XUtils

Protoc Gen Elm

Generate Protobuf En/Decoders from .proto files


Explanations about the generated code

In general, the generated code tries to be close to what the code looks like in other languages while still being ideomatic Elm code. Elm’s concept of “Only one solution to solve” a problem has several consequences here.

General

  • Protobufs messages are product types, enums and oneofs are union types.
  • Each message and enum generates encode[name] and decode[name] functions, which integrate seamlessly with elm-protocol-buffers
  • Each message and enum generates a default[name] function, which sets the defaults as seen in the table above
  • enums and oneofs generate seperate modules, to avoid naming collisions.
  • oneofs come in two forms, one where every constructor includes a generic type and one where all types are applied. These are needed for use inside of other messages (you will see why in the section “Module Nesting”)

Recursive Data Types

For ease of construction, protoc-gen-elm prefers to generate type aliases instead of nominal types. Type aliases have one downside though: they cannot be recursive. Otherwise, the Elm compiler would have to do infinite work to expand the type. So if you have a recursive type like this:

message Rec {
  repeated Rec rec = 1;
}

we generate

type alias Rec = { rec : List Rec_ }

type Rec_ = Rec_ Rec

and corresponding wrapRec and unwrapRec functions.

gRPC

If your .proto file includes a service declaration, an Elm module will be generated based on package and the services name.

This file:

package some_package

service SomeService {}

will generate a Proto/SomePackage/SomeService.elm module.

The code that needs to be generated inside is actually rather small. A gRPC call just needs

  • the package name
  • the method name
  • the service name
  • references to the en/decoder functions

The rest of the work is done by the elm-grpc package. It provides functions to convert the generated Grpc.Rpc instances into Cmds and Tasks, as well as setting the usual Http Request fields (headers, timeout, tracker etc.)

Live Example

To run a minimal live example in your browser, follow the instructions in /example/grpc/README.md. For a more advanced/realistic example, look at /example/tonic_vite/README.md.

Well-known types

If you want to use protobufs well-known-types, you need to install the pre-built package elm-protoc-types or include the paths to the proto files in the compilation.

Example: If this is your proto file test.proto which uses the well-known type Timestamp,

import "google/protobuf/timestamp.proto";

message TestMessage {
  google.protobuf.Timestamp timestamp = 1;
}

the protoc invocation will need to include the path to the well-known types .proto file.

protoc --elm_out=. test.proto /usr/local/include/google/protobuf/timestamp.proto

Limitations

Development

Note: Currently, this project won’t run on Windows (WSL works) because of shell scripts/executable js files.

Execute npm install, npm run build and npm test and you should be good to go. You will need protoc installed and on your PATH.

  • The plugin logic is written in Elm itself. To be executable via node, there is a index.js wrapper. It converts the incoming bytes to base64, because there currently is no way to directly send the type Bytes through a port.
  • Main.elm essentially wires up the binding to JS: A request is received through a port, gets decoded, processed and then sent through another port.
  • For decoding the protoc request, it uses “itself”, meaning that upgrading protoc versions should be done by running the plugin against the new include files from protoc to generate the new encoders/decoders (use the upgrade.sh script).
  • A Mapper converts the request into a convenient internal structure
  • A Generator then uses this internal structure to build an Elm AST which is then pretty-printed to a file.

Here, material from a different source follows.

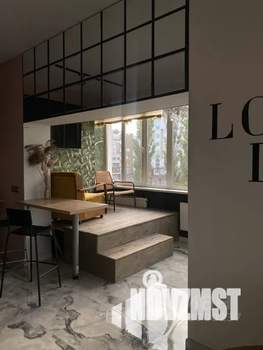 3-к квартира, посуточно, 60м2, 3/25 этаж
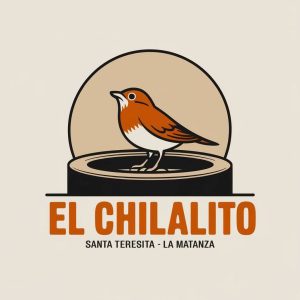 El Chilalito – Molienda de Granos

Run build.sh to build the elm code into index.min.js (which is imported by the entrypoint index.js).

To analyse the protoc requests, there are debug.js, DebugMain and build_debug.sh files. Run build_debug.sh, then use debug.js in place of index.js when running protoc. This should dump the deserialized request into debug.log. You can then put this into the Elm repl for example or use it as input for tests.